Frank Tate (educator) - Career

Career

In 1889 Tate was appointed a junior lecturer in the training college and became much interested in teaching methods. At the end of 1893, following the great financial crisis, the college was closed, but Tate was given charge of classes in Melbourne for the training of pupil teachers. In 1895 after an Education Department reshuffle, Tate was appointed an inspector for the Charlton district, and spent four years inspecting its 136 schools and incidentally learning a great deal about the problems of small rural schools and their teachers. Tate became a well-known speaker at teachers' congresses and enhanced his reputation as an educationist when giving evidence before the technical education commission.

Tate was appointed principal of the Melbourne Training College when it was re-opened in February 1900, and vigorously set to work to make up as far as possible the ground lost while the college was closed. Tate kept the subject of English in his own hands, considering it to be the basic subject of education, and steadily brought before his students the opportunities for service to the community possessed by enlightened teachers. In March 1902 when it was announced that he had been appointed as the first director of education in Victoria he was only 38 years old. Many men of much longer service had been passed over, but it appears to have been generally recognized that he was the fit man for the position.

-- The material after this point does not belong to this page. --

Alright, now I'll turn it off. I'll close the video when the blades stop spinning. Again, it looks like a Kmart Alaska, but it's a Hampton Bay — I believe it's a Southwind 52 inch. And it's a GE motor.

When Tate took up his directorship, education in Victoria had long been starved and neglected. The state had been going through a period of lean years, but the new director felt that money spent on education would more than repay itself. Tate felt too that well-educated and capable men and women could not be attracted to an ill-paid profession with little prospect of promotion. He set out to do away with pupil-teachers, to improve the training of teachers, to obtain better pay for them, to encourage school committees, and to suggest to each community that the local state school was not merely a state school--it was their school. New methods of instruction were brought in, the chief object being the development of a child's mind instead of merely cramming it with facts. Tate felt too that secondary and technical education was being neglected and in June 1904 presented a report on "Some Aspects of Education in New Zealand" in which he showed how far behind Victoria was lagging in this field.

In 1905 a bill was introduced in the Victorian parliament for the registration of teachers and schools not administered by the education department. This was passed and had much effect in raising the qualifications and status of secondary school teachers. When it was determined that Tate should attend the conference on education held in London in May 1907 he took the opportunity of making a special study of these problems in Europe and the United States of America. Soon after his return he published a "Preliminary Report upon Observations made during an Official Visit to Europe and America" (1908). In this report he showed that a "ladder of education" was required. Primary schools formed a necessary basis, but on these must be imposed higher elementary schools, secondary schools and agricultural high schools, all leading on to the university or agricultural college. Technical colleges for young people engaged in industry must also be much more encouraged. In a striking diagram he showed that of the money spent by the state of Victoria on education 93.1% was for primary education and less than one per cent for secondary education. In another diagram he demonstrated that New Zealand, whose population was 20% less than that of Victoria, was spending three times as much on technical education and over ten times as much on secondary education.

Tate persisted in his fight for a better state of things and gradually imposed his views on parliament. In the education act of 1910 which Tate drafted, provision was made for the constitution of a council of public education. It consisted of representatives of the university, the education department, technical schools, public and private schools, and industrial interests. Its duties were to report to the minister upon public education in other countries, and matters in connexion with public education referred to it by the minister. It also took over the duties of the teachers and schools registration board. The discussions of this council have proved of great value in the consideration of problems of public education in Victoria. Tate was chairman of this committee, and he also remained in touch with the university as a member of its council.